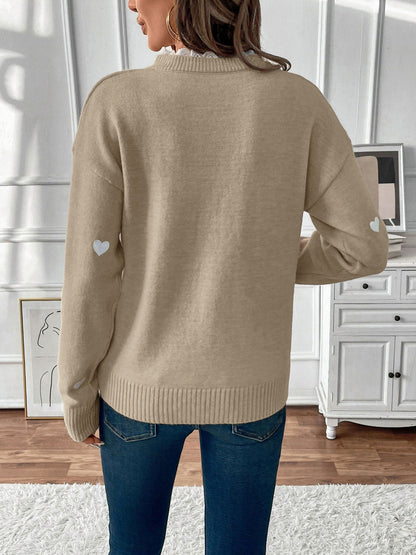 Heart Print Lace Trim Knit Sweater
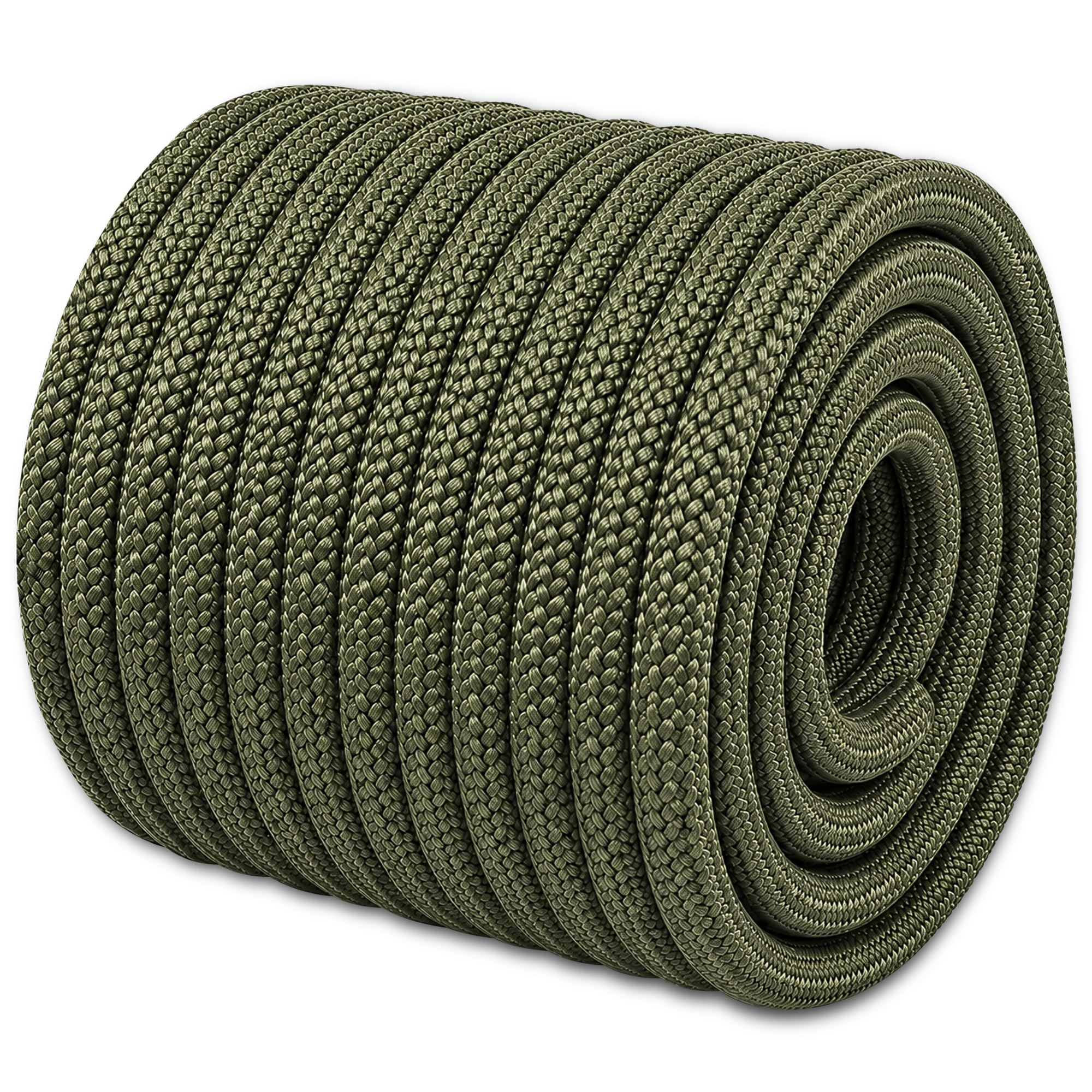 Corde de gréement tressée en polyester (0,9 cm x 61 m) haute résistance pour escalade, randonnée, camping, balançoire, vert militaire
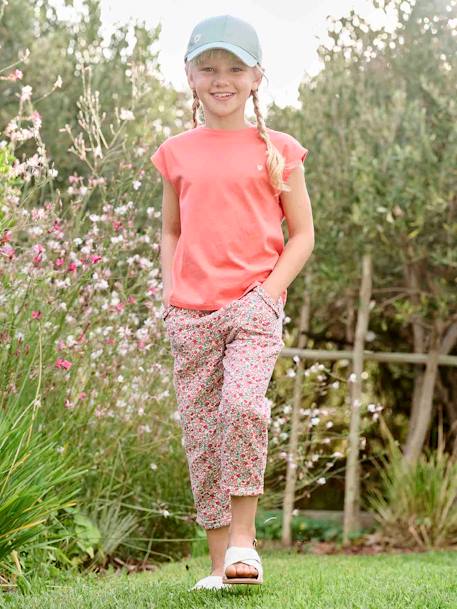 Cropped Cotton Gauze Trousers with Floral Print, for Girls BLUE MEDIUM ALL OVER PRINTED+blush+printed white 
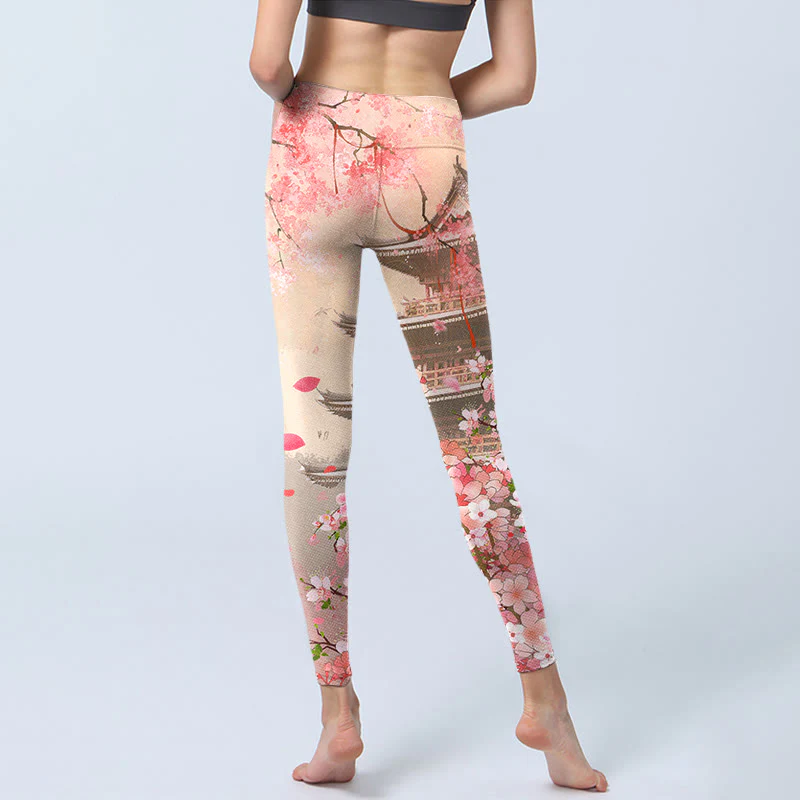 Leggings fitness con stampa Buddha Stones Pink Sakura Antique Building, pantaloni da yoga da donna - Image 7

● WHAT NEEDS TO BE DONE
Print the data above exactly; drop every picture.

● ANSWER SECTION
 Heart Print Lace Trim Knit Sweater
 Corde de gréement tressée en polyester (0,9 cm x 61 m) haute résistance pour escalade, randonnée, camping, balançoire, vert militaire
 Cropped Cotton Gauze Trousers with Floral Print, for Girls BLUE MEDIUM ALL OVER PRINTED+blush+printed white 
 Leggings fitness con stampa Buddha Stones Pink Sakura Antique Building, pantaloni da yoga da donna - Image 7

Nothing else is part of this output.